Eine Szene, wie wir sie aus den frühen Stücken der weltberühmten Wuppertaler Choreografin kennen. Sie wird am Ende wiederholt und rahmt die erste Uraufführung im renovierten Opernhaus ein wie eine mahnende Erinnerung. Denn inzwischen scheinen die Frauen psychisch gesundet. Auf die Zeiten des Kriegszustandes zwischen Mann und Frau folgte Ende der 90er-Jahre die Versöhnung im Wellness-Paradies.
Im - wie üblich - noch titellosen neuen Stück 2009 haben sich die Frauen unabhängig gemacht. Der Mann: das überflüssige Wesen. Widmete Pina Bausch ihre Arbeit im vergangenen Jahr noch der reiferen Weiblichkeit, dominiert diesmal die jüngere Generation.
Das Lächeln hat sich verändert. Früher verband es erotische Herausforderung mit Unnahbarkeit, heute signalisiert es Coolness, geschäftsmäßige Überlegenheit.
Wenn Azusa Seyama von Fernando Suels Mendoza mit einem roten Band traktiert wird, wickelt sie dieses wie ein weiblicher James Bond um ihre Wade und tritt ihn vor das Schienbein. Morena Nascimento, beeindruckend als Neuzugang in der Kategorie Vollweib, reißt zwei Männern die T-Shirts vom Leib. Dann lässt sie sie Liegestütze machen, während die Tänzerin auf ihren Rücken triumphierend posiert.
Eine strahlende Asiatin tanzt mit einer Trophäensammlung aus lauter Herrenhemden um die Hüften gebunden, ein zufriedenes Spielkind. Entsprechend hat Marion Cito den Frauen herrliche Kleider in bunten Farben und edlen Stoffe angezogen, die Männer hingegen dunkel eingekleidet.
Das neue Bausch-Stück ist eine Koproduktion mit Chile, wo das Ensemble im Februar Eindrücke sammelte. Mit dem südamerikanischen Land hat der Abend allerdings nur wenig zu tun. Es sei denn, Peter Pabsts an eine Eisfläche erinnernder Tanzboden wurde von einem Naturerlebnis in den Anden inspiriert. Warum das Eis immer wieder gefährliche Risse zeigt, erschließt sich allerdings nicht.

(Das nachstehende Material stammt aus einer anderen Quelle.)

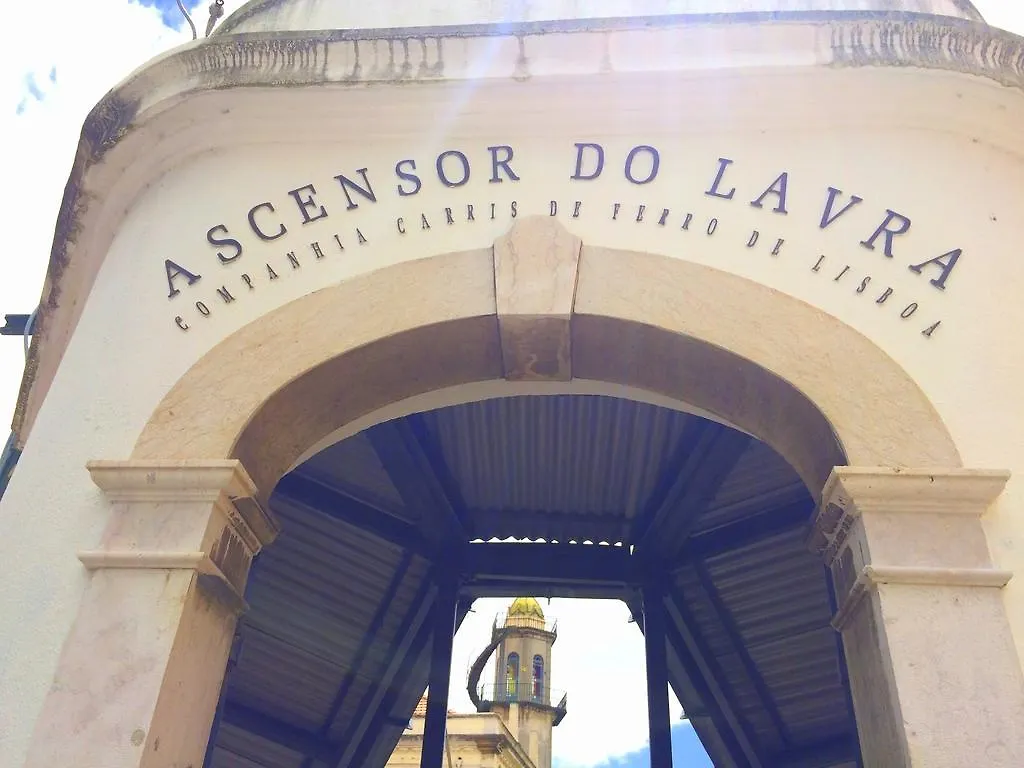 Lavra Tram Apartments Lisboa Portugal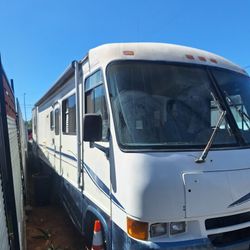 1998 Chevy Motor Home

Ansonsten lächelt ein Tänzer in Poncho und Wollsocken freundlich, während Anna Wehsarg an einem meterlangen Schal strickt. Ein Mann wirft Kartoffeln, Mädchen fangen sie mit ihren bunten Röcken auf. Und aus einem Solo von Dominique Mercy könnte man den Putsch der Generäle und die Brutalität des Pinochet-Regimes herauslesen.
Der Franzose, seit 1973 im Ensemble, ist diesmal der einzige Altstar. Er tanzt den Vater-Sohn-Konflikt, gibt den Liebhaber mit Lebenserfahrung. Gelassen wandert er durch die Szenen, lächelt über das Verhalten der geschlechtsreifen Großstädter, gleitet in seinen raumgreifenden Bewegungen dahin.
Pina Bausch konzentriert sich wieder auf kleine Szenen und Soli, meist von schwebender Eleganz. Ensembles gibt es wenige, dafür besonders schöne. Ihre Phantasie schlägt sanfte Purzelbäume, wenn alle 16 Tänzer in einer Schlange hintereinander am Boden sitzen und sich durch die Haare streichen.
Hinreißend, wenn Frauen und Männer getrennt bäuchlings zwei bewegte Fresken bilden. Köpfe, Hände, Arme - der ganze Oberkörper tanzt. Erstaunlich, welch delikate Bewegungen der großen Choreografin eingefallen sind. Das Publikum feierte seine Ikone und eine wunderbare Compagnie. Wie es sich gehört.